In particular, predators evolve, or learn, to locate camouflaged prey by detecting them against some background, while prey evolve to remain undetected using camouflage strategies (e.g. background matching, disruptive colouration) to lower its signal-to-noise ratio (visual features of the target relative to factors that interfere with extraction of the signal) against the background (Cuthill, 2019; Merilaita et al., 2017). In other words, the objective of the predators is to distinguish visual input that contains prey from scenes that are devoid of prey (Figure 1). Meanwhile, the prey aims to achieve a visual signature that makes a scene containing them look empty to a predator. In this example, the discriminative network can be thought of as the visual system of the predator that evolves over time to more effectively detect prey, and the generative network represents the genotype of prey, where new generations can inherit properties of previous survivors and exhibit better camouflage.

To model the evolution of camouflage and demonstrate the effectiveness of CamoGAN producing increasingly difficult-to-see patterns, we conducted a validation study. In our experiments, targets were triangles presented against images of ash tree Fraxinus excelsior bark, a complex texture (Figure 1).
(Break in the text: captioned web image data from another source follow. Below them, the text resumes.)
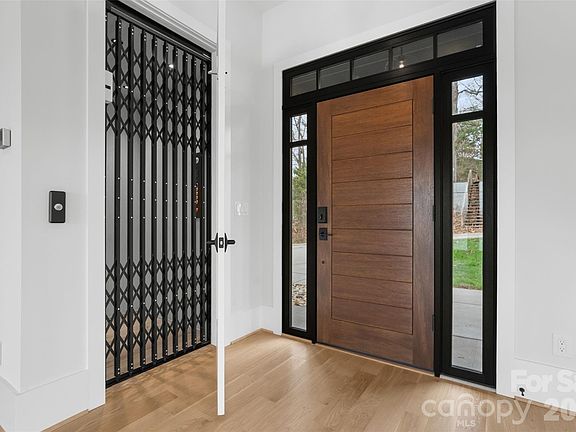 4th image of 324 Riverside Dr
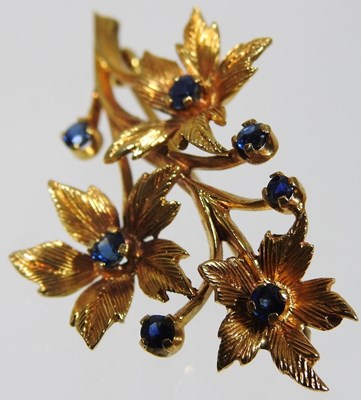Lot 25 - A 9 carat gold and sapphire brooch, in the...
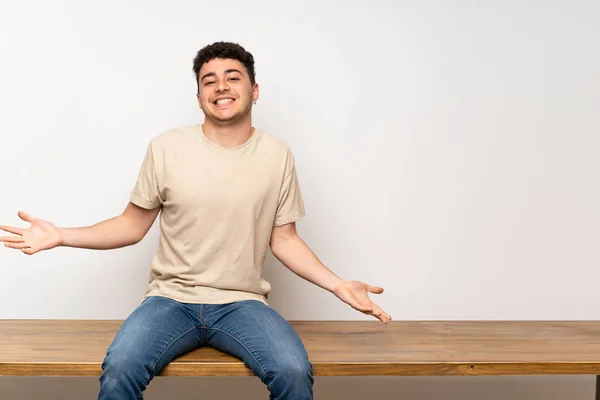 Junger Mann Sitzt Lächelnd Tisch — Stockfoto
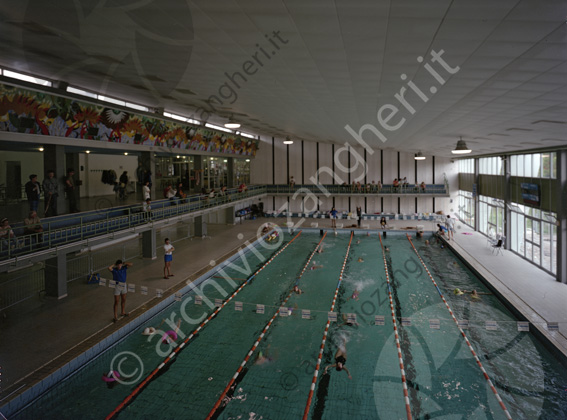 Piscina comunale di Cesena esterno Centro Natatorio Comunale di Cesena Istruttori di nuoto pubblico tribune scalette corsie nuotatori bandierine
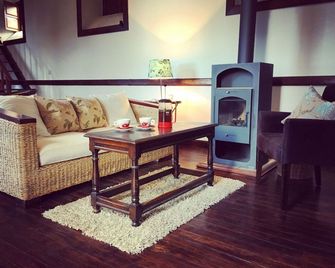 The El Paso - El Paso - Living room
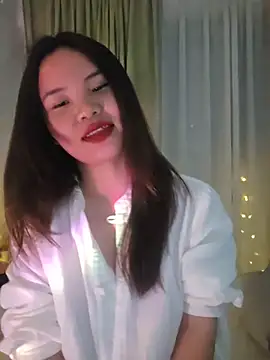 Snapshot of GUGU11211 chatting on 04/07/26, 08:21 GUGU11211 online show from 04/07/26, 08:21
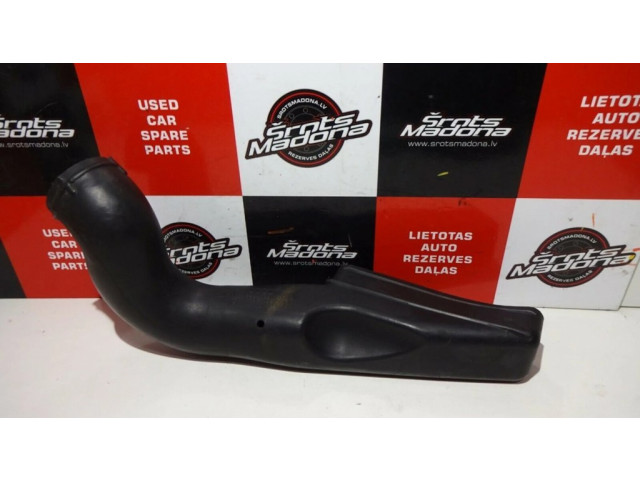 Деталь (детали) канала забора воздуха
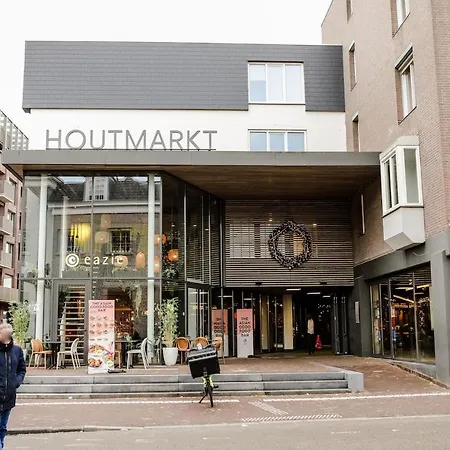Vakantiehuis Vakantiehuis Bos en Natuur, nabij Breda VP069 *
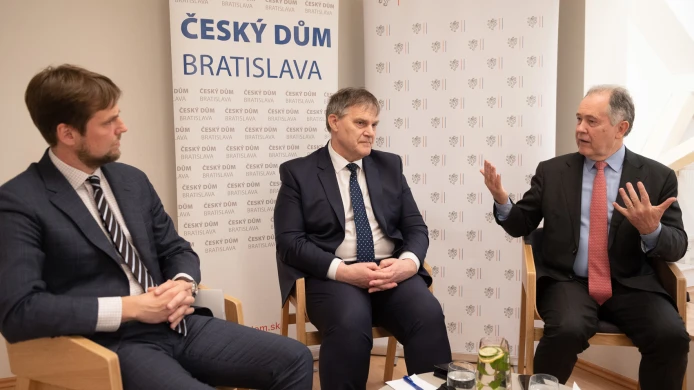 Střední Evropa v NATO: Společně jsme silnější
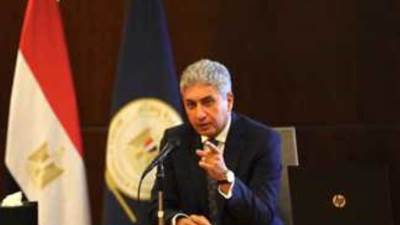 وزير السياحة يكشف عن خطة تحويل مباني الحكومة بمنطقة وسط البلد لغرف فندقية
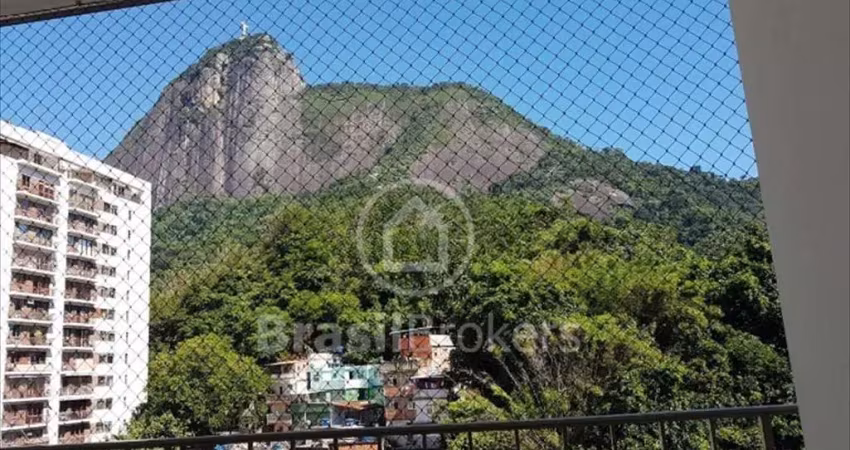 Rua humaitá, apartamento 2 quartos, sendo 1 suíte, 2 vagas de garagem e varandão com vista para o cristo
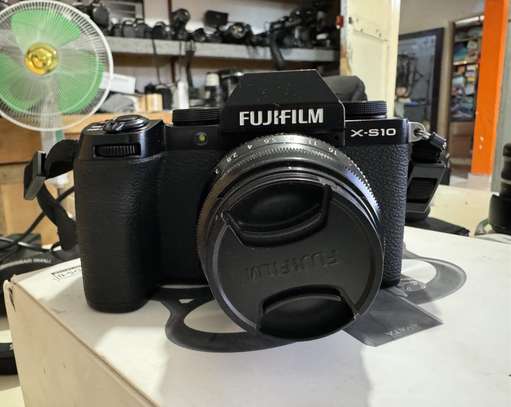 Fujifilm XS_10 image 1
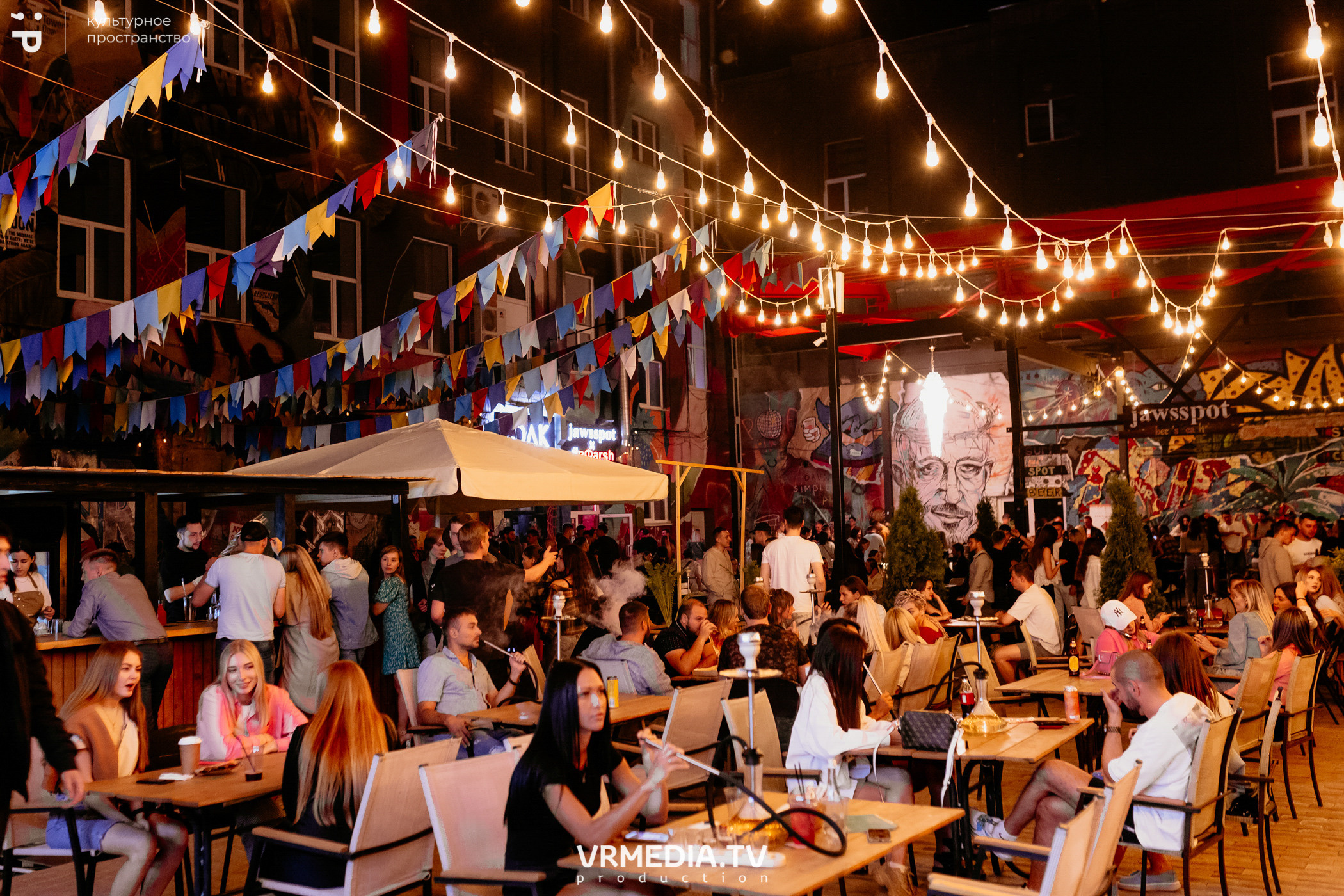 #Редакция_Лето: Time 92 в культурном пространстве «Редакция»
Targets were extracted from each network after a set number of iterations and contrasted with two control patterns: the average colour of backgrounds, and a pattern developed through Fourier analysis (Figure 2). Averaging the background is considered to offer ‘good’ concealment (Merilaita & Stevens, 2011) and, as in our study, is often used in camouflage research as a baseline control (Cuthill et al., 2005). We adopted the Fourier approach as it has previously been shown to be highly effective for developing (military) camouflage against human observers (Toet & Hogervorst, 2012). As such, it is a straightforward and well-defined technique, which is also readily implementable. To quantify difficulty, we measured the reaction time for human participants to detect the targets when displayed on a computer screen.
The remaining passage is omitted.